EXERCISE AIM |
Would you output the lines from the one containing "Chicken Tee —" through the final line of the entries, exactly and with pictures omitted?

RECORD EXCERPTS |
┌──

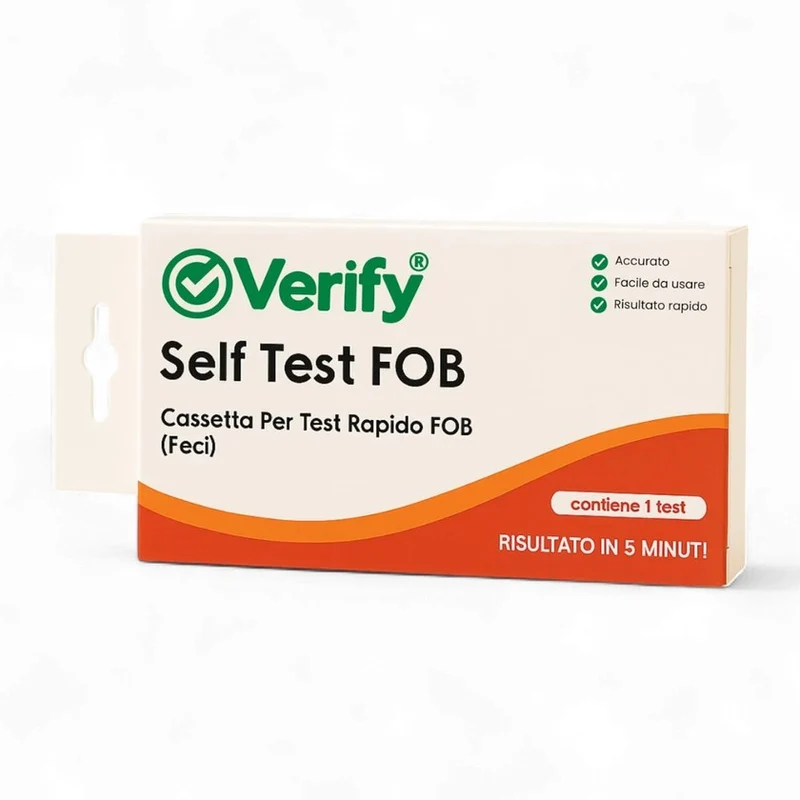 Verify Self Test Fob Sangue Occulto Nelle Feci 1 unità — Test diagnostico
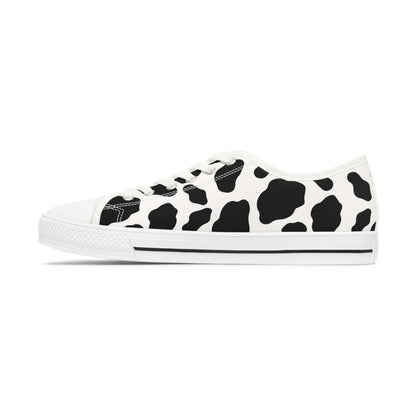 Women's Low Top Cow Print Sneakers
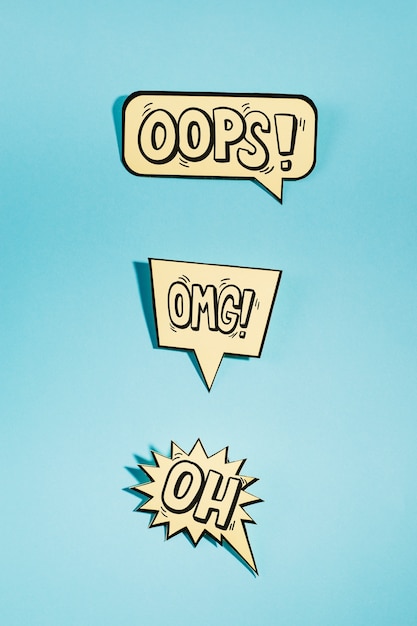 Mockup collection of speech bubbles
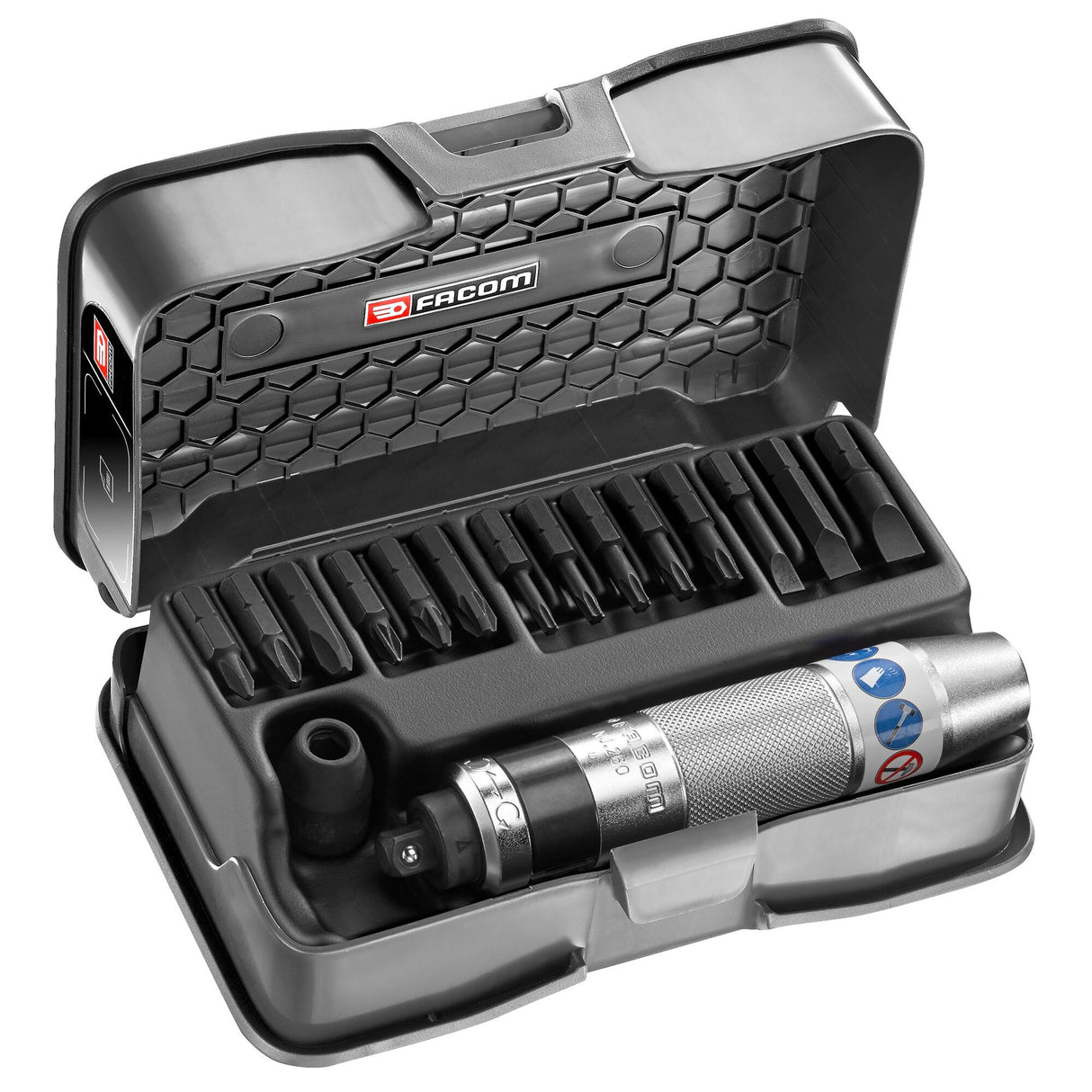 Jeu de 16 tournevis à frapper, 3/8"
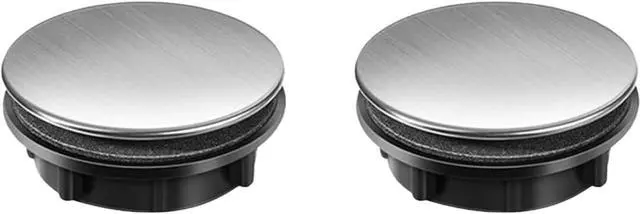 Main image of 2 Pack Sink Faucet Hole Cover Kitchen Sink Plug Brushed Stainless Steel Hole Cover Soap Dispenser Cover for Dia 0.98 to 1.18 inch(Short)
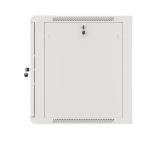 Lanberg rack cabinet 19" wall-mount 12U/600x600 for self-assembly with metal door grey (flat pack)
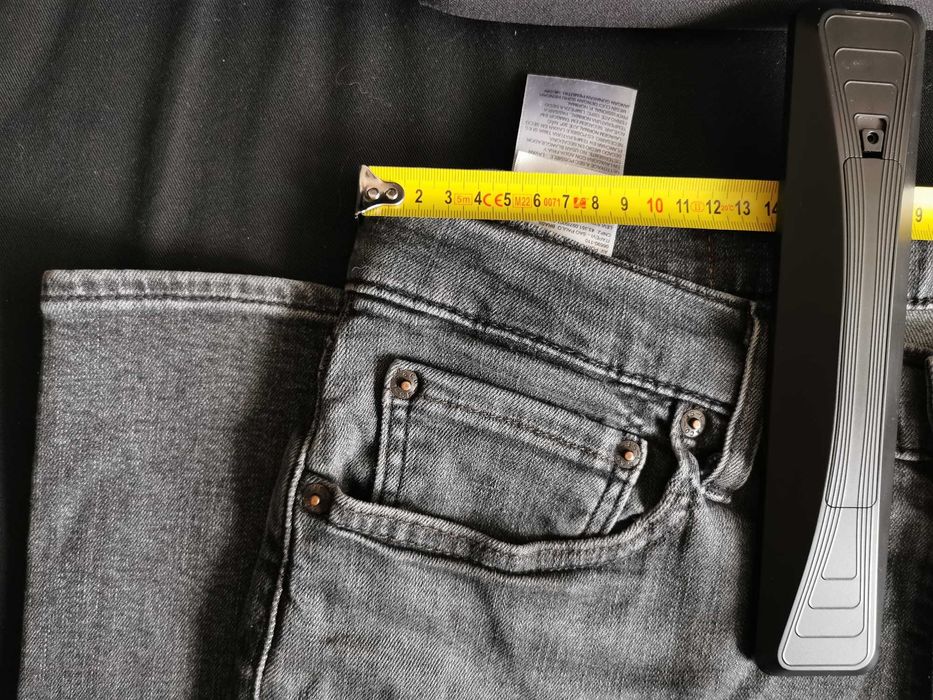 Levis 512 Ciemno-SZARE jeansy elastyczne W33 L32 dopasowane JAK NOWE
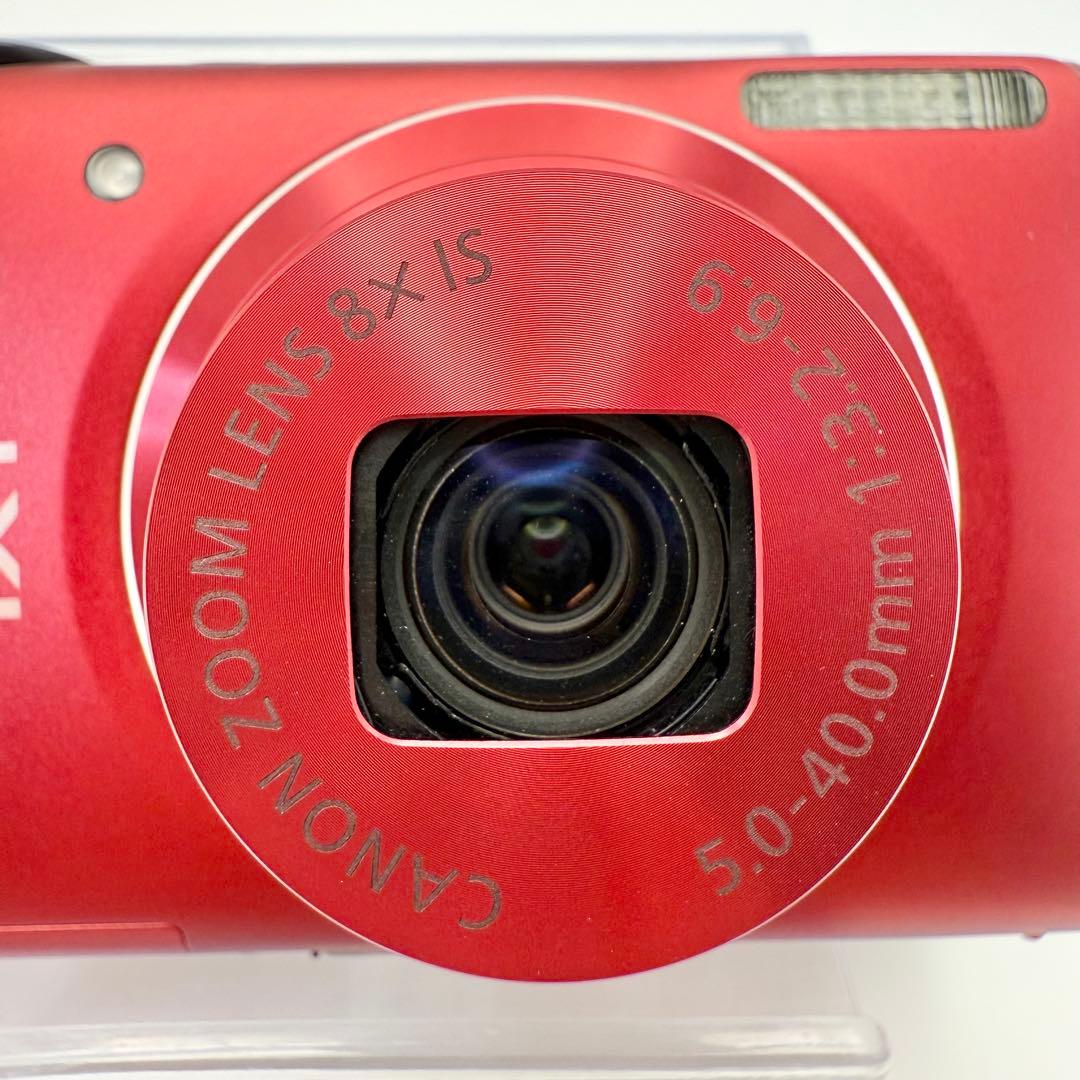 極美品　Canon IXY 110F レッド　箱付き 付属品多数 1022-1
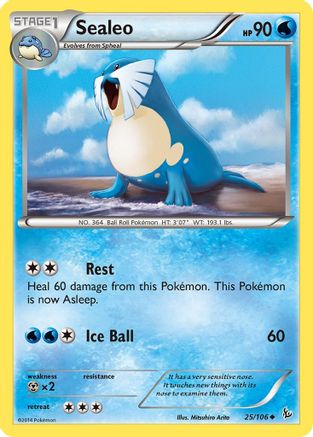 Sealeo 025/106 - XY  Flashfire Reverse Holofoil - for just $0.10! 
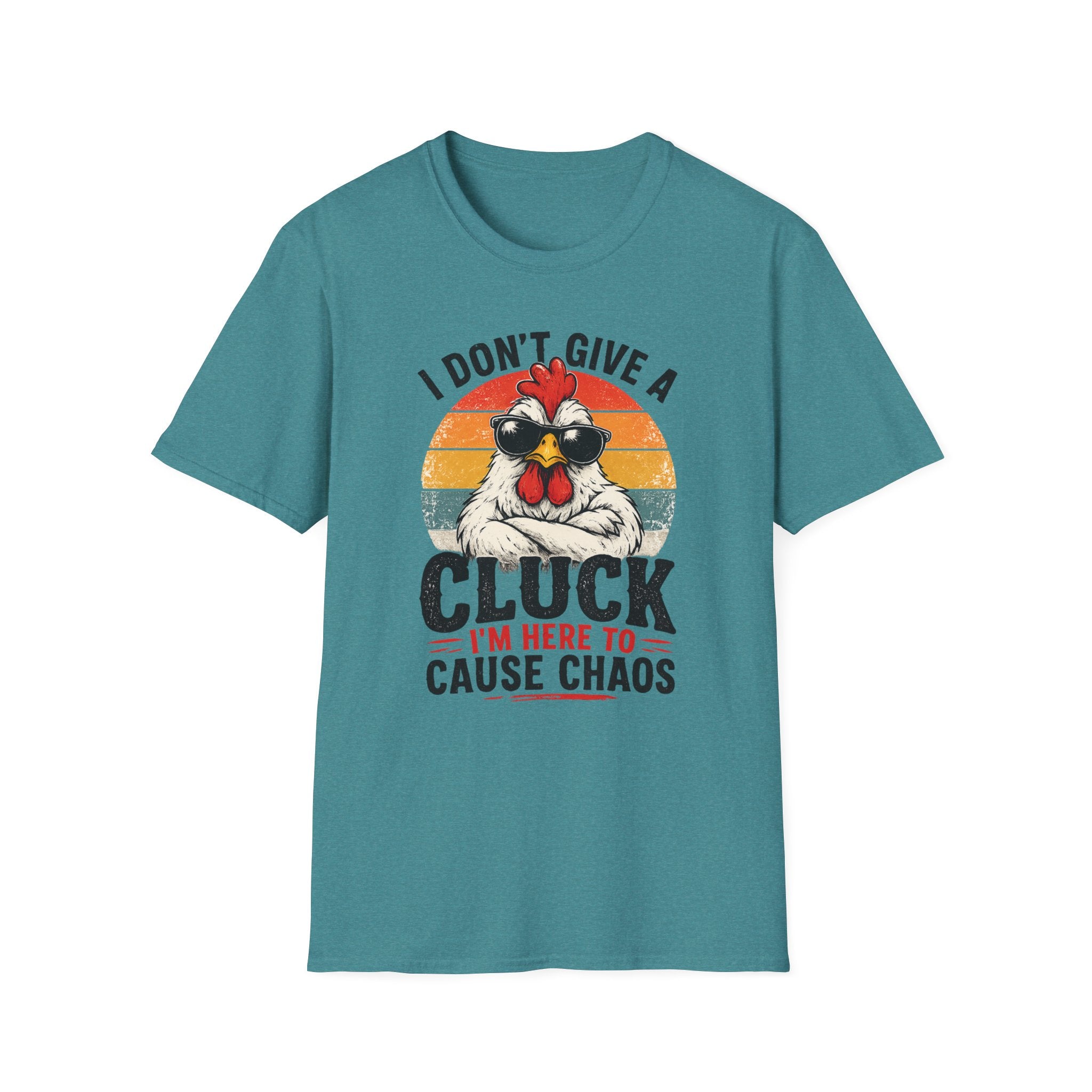 Chicken Tee — "I Don't Give a Cluck" Retro Graphic T-Shirt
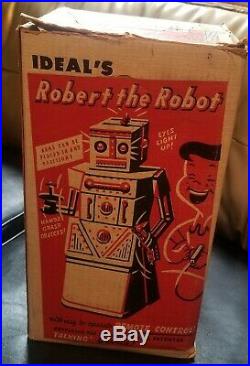 Robert The Robot By Ideal Rare Version 1 1953 Original Box Nice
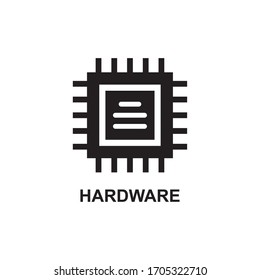 ICONO DE HARDWARE, VECTOR DE ICONO DE MOTHERBOARD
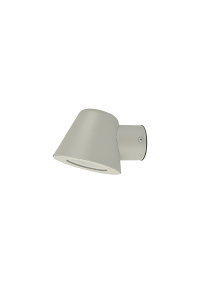 SAND GREY WALL LUMINAIRE VIDA 1XGU10 MAX.35W IP44 WITH CLEAR GLASS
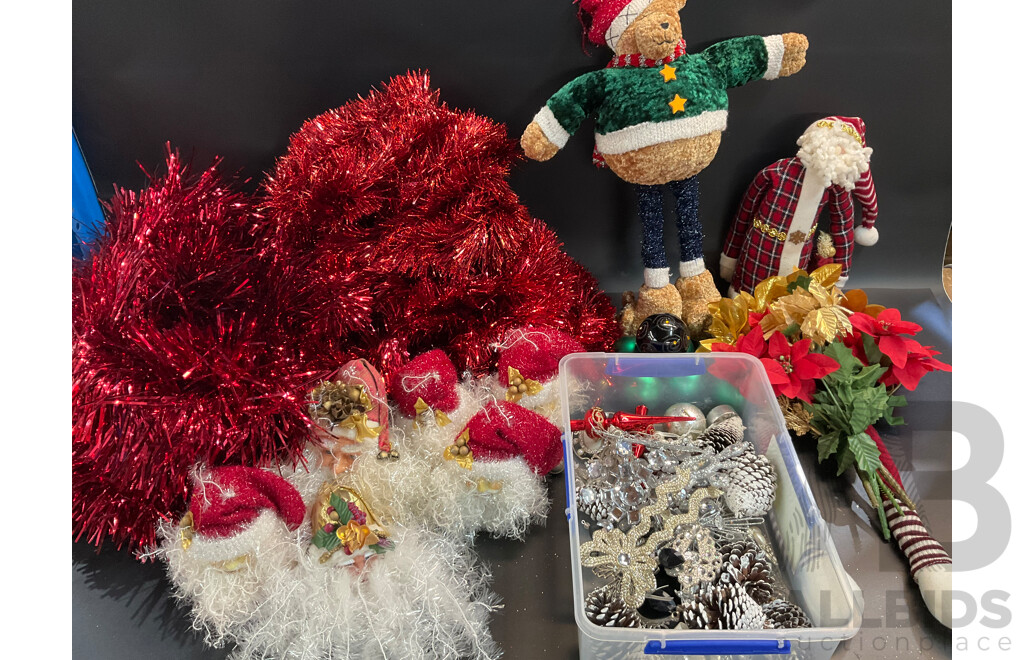 Massive Lot of Christmas Related Items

└──

OUTPUT OF THE EXERCISE |
 Chicken Tee — "I Don't Give a Cluck" Retro Graphic T-Shirt
 Robert The Robot By Ideal Rare Version 1 1953 Original Box Nice
 ICONO DE HARDWARE, VECTOR DE ICONO DE MOTHERBOARD
 SAND GREY WALL LUMINAIRE VIDA 1XGU10 MAX.35W IP44 WITH CLEAR GLASS
 Massive Lot of Christmas Related Items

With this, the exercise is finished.